### WORK TO BE COMPLETED
Records follow. Select each line holding "with".

Stored items from a collection:
>>>

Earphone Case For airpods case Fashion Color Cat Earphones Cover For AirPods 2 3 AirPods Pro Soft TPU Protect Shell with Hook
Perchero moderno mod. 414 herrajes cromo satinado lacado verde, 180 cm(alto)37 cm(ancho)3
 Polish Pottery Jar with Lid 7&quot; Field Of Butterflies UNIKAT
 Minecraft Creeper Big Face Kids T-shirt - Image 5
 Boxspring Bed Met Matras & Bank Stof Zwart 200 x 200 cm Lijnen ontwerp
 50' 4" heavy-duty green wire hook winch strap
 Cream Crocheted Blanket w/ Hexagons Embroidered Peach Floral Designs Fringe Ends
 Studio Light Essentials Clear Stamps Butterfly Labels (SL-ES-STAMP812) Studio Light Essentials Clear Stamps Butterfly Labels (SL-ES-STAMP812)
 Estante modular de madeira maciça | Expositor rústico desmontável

<<<

### ANSWER TO THE EXERCISE
Earphone Case For airpods case Fashion Color Cat Earphones Cover For AirPods 2 3 AirPods Pro Soft TPU Protect Shell with Hook
 Polish Pottery Jar with Lid 7&quot; Field Of Butterflies UNIKAT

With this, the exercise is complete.